Task instructions: Repeat exactly the lines beginning at the one that contains "Navis Vila *" and running to the end of the material. Omit the pictures.

Information supplied:
* * *
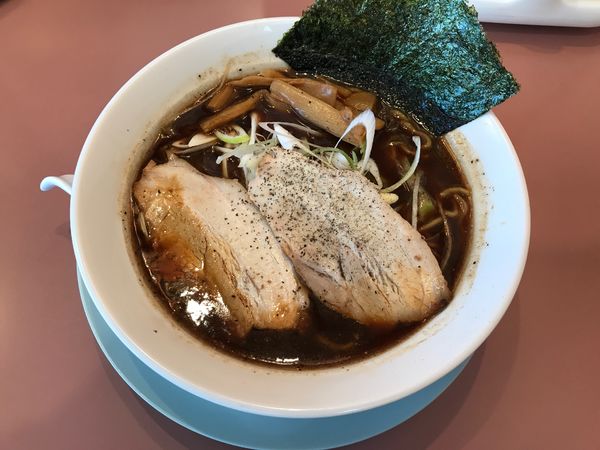 「ブラックらーめん 740円」@らーめん餃子 一行三昧の写真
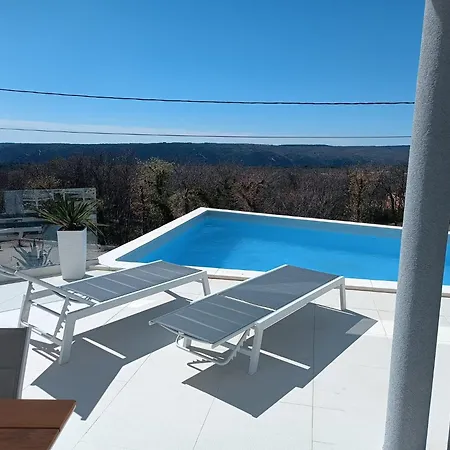 Navis Vila *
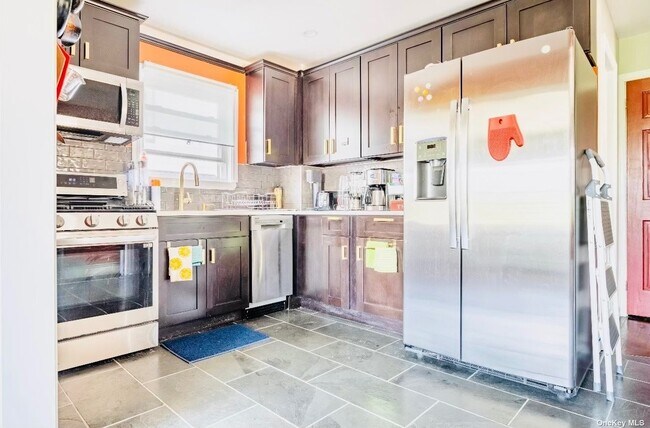 Foto del edificio - 321 B 46 St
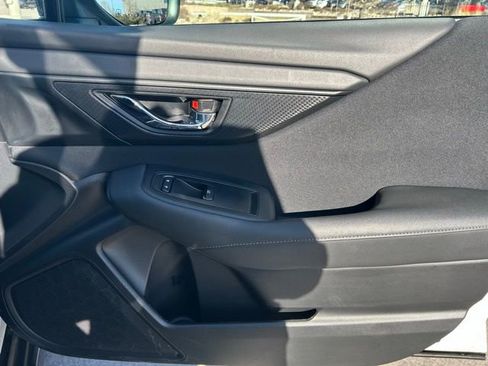 Used 2025 Subaru Outback Premium AWD/4WD image 30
* * *
Answer to this problem:
 Navis Vila *
 Foto del edificio - 321 B 46 St
 Used 2025 Subaru Outback Premium AWD/4WD image 30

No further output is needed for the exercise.